[Collection entries]
+ + + + + + +
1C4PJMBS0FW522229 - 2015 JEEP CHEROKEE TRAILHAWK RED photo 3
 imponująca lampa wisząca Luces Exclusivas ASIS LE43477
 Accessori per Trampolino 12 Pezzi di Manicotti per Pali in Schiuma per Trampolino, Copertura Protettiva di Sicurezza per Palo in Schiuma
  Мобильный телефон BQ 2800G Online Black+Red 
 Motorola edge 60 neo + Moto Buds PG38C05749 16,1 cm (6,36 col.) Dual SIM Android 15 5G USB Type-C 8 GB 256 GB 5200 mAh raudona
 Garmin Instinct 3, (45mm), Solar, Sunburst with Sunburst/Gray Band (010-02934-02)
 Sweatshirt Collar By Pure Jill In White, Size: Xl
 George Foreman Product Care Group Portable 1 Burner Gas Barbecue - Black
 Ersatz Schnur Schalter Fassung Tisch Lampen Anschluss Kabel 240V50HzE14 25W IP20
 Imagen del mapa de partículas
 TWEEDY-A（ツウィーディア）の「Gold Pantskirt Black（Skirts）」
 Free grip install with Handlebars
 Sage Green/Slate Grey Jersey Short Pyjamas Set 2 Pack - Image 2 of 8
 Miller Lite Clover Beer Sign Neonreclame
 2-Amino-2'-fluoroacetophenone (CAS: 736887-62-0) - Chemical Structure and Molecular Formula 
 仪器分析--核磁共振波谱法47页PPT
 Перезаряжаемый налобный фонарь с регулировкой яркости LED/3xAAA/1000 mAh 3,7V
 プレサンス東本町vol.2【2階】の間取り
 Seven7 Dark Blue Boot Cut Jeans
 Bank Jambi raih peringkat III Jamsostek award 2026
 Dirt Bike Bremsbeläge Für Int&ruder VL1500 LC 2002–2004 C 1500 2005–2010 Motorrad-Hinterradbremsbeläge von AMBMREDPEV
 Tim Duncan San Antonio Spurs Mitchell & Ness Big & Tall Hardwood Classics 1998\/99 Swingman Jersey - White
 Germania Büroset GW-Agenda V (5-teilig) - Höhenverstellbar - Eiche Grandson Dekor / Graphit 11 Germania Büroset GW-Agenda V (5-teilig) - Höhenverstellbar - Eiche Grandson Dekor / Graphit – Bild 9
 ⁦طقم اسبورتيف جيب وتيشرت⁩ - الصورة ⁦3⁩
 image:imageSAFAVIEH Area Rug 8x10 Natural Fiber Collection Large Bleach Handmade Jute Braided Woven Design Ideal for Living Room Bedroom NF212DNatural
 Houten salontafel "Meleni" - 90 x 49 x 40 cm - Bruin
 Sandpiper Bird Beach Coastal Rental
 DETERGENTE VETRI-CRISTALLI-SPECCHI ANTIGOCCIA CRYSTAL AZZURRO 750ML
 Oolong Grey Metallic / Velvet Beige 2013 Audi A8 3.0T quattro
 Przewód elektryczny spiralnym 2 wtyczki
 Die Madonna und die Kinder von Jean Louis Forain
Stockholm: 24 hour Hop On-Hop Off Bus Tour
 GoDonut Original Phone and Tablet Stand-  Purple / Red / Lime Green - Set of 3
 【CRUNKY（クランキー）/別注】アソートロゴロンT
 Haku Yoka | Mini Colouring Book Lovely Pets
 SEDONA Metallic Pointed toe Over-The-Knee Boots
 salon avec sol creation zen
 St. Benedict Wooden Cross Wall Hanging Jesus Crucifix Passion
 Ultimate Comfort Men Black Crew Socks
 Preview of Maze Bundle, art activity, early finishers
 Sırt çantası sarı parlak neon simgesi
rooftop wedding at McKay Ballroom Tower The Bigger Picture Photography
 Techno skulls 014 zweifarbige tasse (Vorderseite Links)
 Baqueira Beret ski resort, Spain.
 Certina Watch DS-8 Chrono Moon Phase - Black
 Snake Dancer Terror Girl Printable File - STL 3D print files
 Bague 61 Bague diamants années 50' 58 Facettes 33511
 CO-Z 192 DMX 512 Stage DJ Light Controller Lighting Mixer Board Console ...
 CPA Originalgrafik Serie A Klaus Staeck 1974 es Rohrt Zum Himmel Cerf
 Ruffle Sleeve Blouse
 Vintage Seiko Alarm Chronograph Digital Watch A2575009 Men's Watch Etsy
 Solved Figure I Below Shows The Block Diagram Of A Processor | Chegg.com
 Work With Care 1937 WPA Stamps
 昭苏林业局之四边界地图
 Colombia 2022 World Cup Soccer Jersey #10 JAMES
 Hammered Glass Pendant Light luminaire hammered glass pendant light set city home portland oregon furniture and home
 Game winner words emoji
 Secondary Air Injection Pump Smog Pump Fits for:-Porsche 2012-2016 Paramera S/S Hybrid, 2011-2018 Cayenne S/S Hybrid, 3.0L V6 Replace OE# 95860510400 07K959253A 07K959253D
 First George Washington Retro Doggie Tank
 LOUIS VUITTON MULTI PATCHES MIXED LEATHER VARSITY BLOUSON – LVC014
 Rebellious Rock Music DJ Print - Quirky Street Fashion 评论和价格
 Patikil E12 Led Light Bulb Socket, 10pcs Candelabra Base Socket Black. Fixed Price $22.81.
+ + + + + + +
YOUR GOAL
Print, without alteration, only the lines above between the one holding "Garmin Instinct 3, (45mm), Solar, Sunburst" and the one holding "Sırt çantası sarı parlak neon simgesi", inclusive.

EXERCISE OUTPUT
 Garmin Instinct 3, (45mm), Solar, Sunburst with Sunburst/Gray Band (010-02934-02)
 Sweatshirt Collar By Pure Jill In White, Size: Xl
 George Foreman Product Care Group Portable 1 Burner Gas Barbecue - Black
 Ersatz Schnur Schalter Fassung Tisch Lampen Anschluss Kabel 240V50HzE14 25W IP20
 Imagen del mapa de partículas
 TWEEDY-A（ツウィーディア）の「Gold Pantskirt Black（Skirts）」
 Free grip install with Handlebars
 Sage Green/Slate Grey Jersey Short Pyjamas Set 2 Pack - Image 2 of 8
 Miller Lite Clover Beer Sign Neonreclame
 2-Amino-2'-fluoroacetophenone (CAS: 736887-62-0) - Chemical Structure and Molecular Formula 
 仪器分析--核磁共振波谱法47页PPT
 Перезаряжаемый налобный фонарь с регулировкой яркости LED/3xAAA/1000 mAh 3,7V
 プレサンス東本町vol.2【2階】の間取り
 Seven7 Dark Blue Boot Cut Jeans
 Bank Jambi raih peringkat III Jamsostek award 2026
 Dirt Bike Bremsbeläge Für Int&ruder VL1500 LC 2002–2004 C 1500 2005–2010 Motorrad-Hinterradbremsbeläge von AMBMREDPEV
 Tim Duncan San Antonio Spurs Mitchell & Ness Big & Tall Hardwood Classics 1998\/99 Swingman Jersey - White
 Germania Büroset GW-Agenda V (5-teilig) - Höhenverstellbar - Eiche Grandson Dekor / Graphit 11 Germania Büroset GW-Agenda V (5-teilig) - Höhenverstellbar - Eiche Grandson Dekor / Graphit – Bild 9
 ⁦طقم اسبورتيف جيب وتيشرت⁩ - الصورة ⁦3⁩
 image:imageSAFAVIEH Area Rug 8x10 Natural Fiber Collection Large Bleach Handmade Jute Braided Woven Design Ideal for Living Room Bedroom NF212DNatural
 Houten salontafel "Meleni" - 90 x 49 x 40 cm - Bruin
 Sandpiper Bird Beach Coastal Rental
 DETERGENTE VETRI-CRISTALLI-SPECCHI ANTIGOCCIA CRYSTAL AZZURRO 750ML
 Oolong Grey Metallic / Velvet Beige 2013 Audi A8 3.0T quattro
 Przewód elektryczny spiralnym 2 wtyczki
 Die Madonna und die Kinder von Jean Louis Forain
Stockholm: 24 hour Hop On-Hop Off Bus Tour
 GoDonut Original Phone and Tablet Stand-  Purple / Red / Lime Green - Set of 3
 【CRUNKY（クランキー）/別注】アソートロゴロンT
 Haku Yoka | Mini Colouring Book Lovely Pets
 SEDONA Metallic Pointed toe Over-The-Knee Boots
 salon avec sol creation zen
 St. Benedict Wooden Cross Wall Hanging Jesus Crucifix Passion
 Ultimate Comfort Men Black Crew Socks
 Preview of Maze Bundle, art activity, early finishers
 Sırt çantası sarı parlak neon simgesi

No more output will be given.